The direct sum of a collection of structures agrees with the direct product in some but not all cases.
A direct product is an example of a product in a category, whereas a direct sum is an example of a coproduct.

== Examples ==
- If $\R$ is thought of as the set of real numbers without further structure, the direct product $\R \times \R$ is just the Cartesian product $\{(x,y) : x,y \in \R\}.$
- If $\R$ is thought of as the group of real numbers under addition, the direct product $\R\times \R$ still has $\{(x,y) : x,y \in \R\}$ as its underlying set. The difference between this and the preceding examples is that $\R \times \R$ is now a group and so how to add their elements must also be stated. That is done by defining $(a,b) + (c,d) = (a+c, b+d).$
- If $\R$ is thought of as the ring of real numbers, the direct product $\R\times \R$ again has $\{(x,y) : x,y \in \R\}$ as its underlying set. The ring structure for $\R\times \R$ consists of addition defined by $(a,b) + (c,d) = (a+c, b+d)$ and multiplication defined by $(a,b) (c,d) = (ac, bd).$
- Although the ring $\R$ is a field, $\R \times \R$ is not because the nonzero element $(1,0)$ does not have a multiplicative inverse.

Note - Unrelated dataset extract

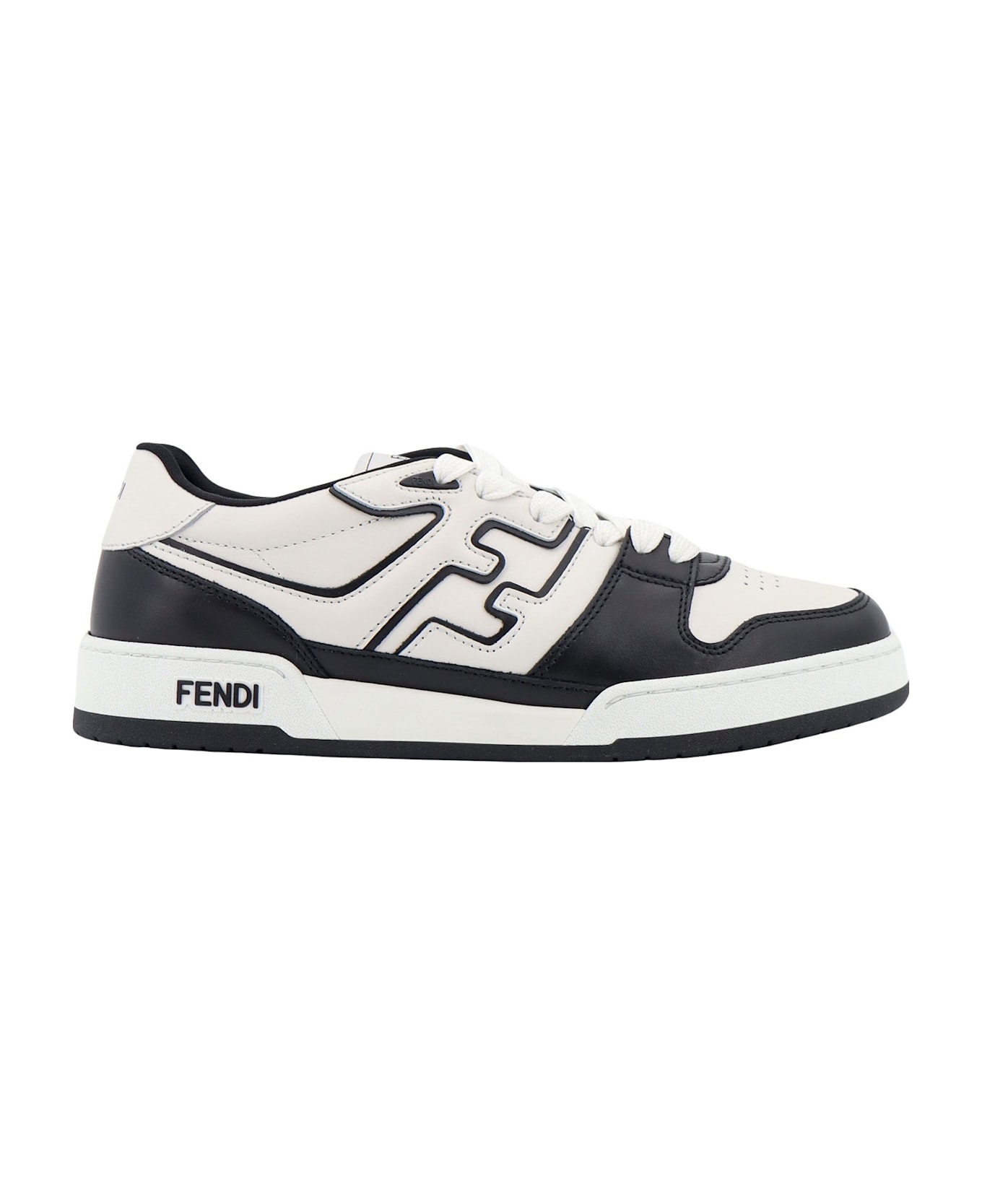 Fendi Leather Sneakers With Ff Lateral Logo - NeroBianco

In a similar manner, the direct product of finitely many algebraic structures can be talked about; for example, $\R \times \R \times \R \times \R.$ That relies on the direct product being associative up to isomorphism. That is, $(A \times B) \times C \cong A \times (B \times C)$ for any algebraic structures $A,$ $B,$ and $C$ of the same kind. The direct product is also commutative up to isomorphism; that is, $A \times B \cong B \times A$ for any algebraic structures $A$ and $B$ of the same kind. Even the direct product of infinitely many algebraic structures can be talked about; for example, the direct product of countably many copies of $\mathbb R,$ is written as $\R \times \R \times \R \times \dotsb.$

== Direct product of groups ==

In group theory, define the direct product of two groups $(G, \circ)$ and $(H, \cdot),$ can be denoted by $G \times H.$ For abelian groups that are written additively, it may also be called the direct sum of two groups, denoted by $G \oplus H.$

It is defined as follows:
- the set of the elements of the new group is the Cartesian product of the sets of elements of $G \text{ and } H,$ that is $\{(g, h) : g \in G, h \in H\};$
- on these elements put an operation, defined element-wise: $$(g, h) \times \left(g', h'\right) = \left(g \circ g', h \cdot h'\right)$$
Note that $(G, \circ)$ may be the same as $(H, \cdot).$

The construction gives a new group, which has a normal subgroup that is isomorphic to $G$ (given by the elements of the form $(g, 1)$) and one that is isomorphic to $H$ (comprising the elements $(1, h)$).

The reverse also holds in the recognition theorem. If a group $K$ contains two normal subgroups $G \text{ and } H,$ such that $K = GH$ and the intersection of $G \text{ and } H$ contains only the identity, $K$ is isomorphic to $G \times H.$ A relaxation of those conditions by requiring only one subgroup to be normal gives the semidirect product.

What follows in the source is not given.